Thursday 16 March 2017

Lowering that sugar high

I'm not usually one to make New Year's resolutions, but in January of 2016 I quietly committed to reduce my sugar intake. Fourteen months later, it's time to evaluate how that's going. 
And, well, it's going. 
In one area I've reduced my sugar intake by two teaspoons a day. Unfortunately, I may have inadvertently over-compensated in another area that alluring realm of sweetened, frozen dairy products. Ever since I stocked up on discounted rocky road, I've noticed my consumption rate increase. And there's definitely a correlation between the amount of ice-cream you have in the freezer and one's daily intake. 
Nevertheless, I did reduce the amount of sugar in my coffee by half (hence the two teaspoons per day). This was not easy. I liken it to gradually building up your resistance to poison by consuming a safe, minuscule portion daily, gradually increasing the dosage over time. Only in reverse. I gradually reduced the amount of poison, if I may call sugar that.
Don't get up in arms. If I really believed this, I'd have to stop being human. Sugar is an integral part of our eating culture, much like salt in ancient times. We can't avoid it anymore than we can avoid texting lol (yes, that's pretty funny, lol). 

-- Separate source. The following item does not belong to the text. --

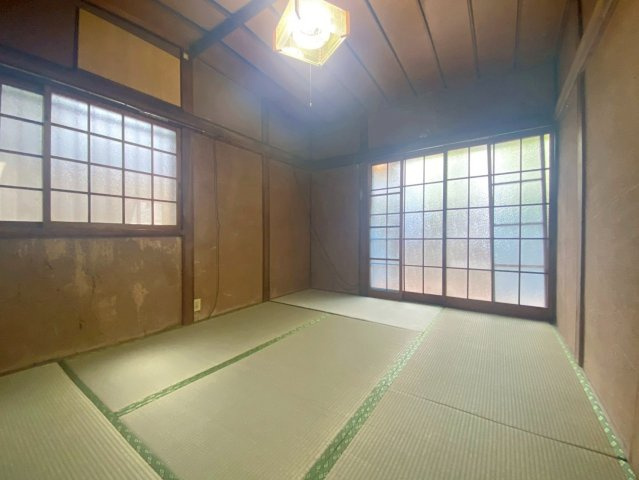 塚口町４丁目の和室|和室６帖
南向きのお庭に面したお部屋！お庭を眺めながらまったりお過ごしいただけます！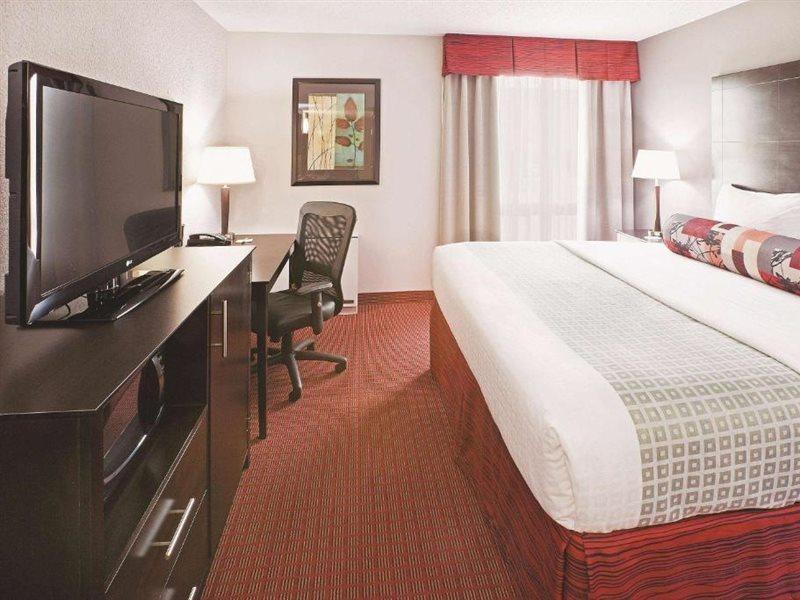 La Quinta By Wyndham I-35 Walnut Hill Ln Hotel 3*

But sugar is not as good for us as we once thought. Nutritionists used to say the big killer was fat, not sugar. Some went so far as to encourage eating candy instead of fatty foods, claiming these were empty calories, like eating rice cakes or Styrofoam (pretty much the same thing). Turns out that whole anti-fat fad, if you can call it that, was based on faulty research; a 1958 study linking fat with cardiovascular disease in different countries was conveniently selective in its evidence. New research suggests fat does not create fat any more than Donald Trump speaks truth. It may happen sometimes, but not consistently. Eat enough of anything and your girth will grow. 
And it will grow a lot faster if you load up on sugar and carbs. Carbs aren't inherently bad except that we typically remove all the good things – the bran and wheat germ from grain, for example – so that they aren't so good. 
Oatmeal. Because it's the right thing to do.
The not-so-good carbs are in almost every one of our meals and nearly impossible to remove. Is a dinner without rice, pasta or potatoes really dinner? I think not. Is a sandwich a sandwich without the bread? Just not possible! Everything we eat is a minefield of processed, refined, sugary goodness. It leaves us with nothing but vegetables and boiled eggs. (I guess you don't have to boil them, you can fry them in the fat of bacon if you'd like.) 
Changing habits is no easy task. For myself, it began by reducing the amount of sugar in my coffee. I also no longer drink a whole can of pop at a time (still haven't figured out what to do with the other half). And my 100% natural whole-flake oatmeal has become so full of nutritious garnishes, like walnuts, ground flax, hemp hearts and blueberries, one wonders how it's even possible to digest    
But I'm doing it, almost every day, and maybe I'm even enjoying it. That's what I keep telling myself. 
The ice-cream helps, too. As with any paradigm shift, it's one small step at a time.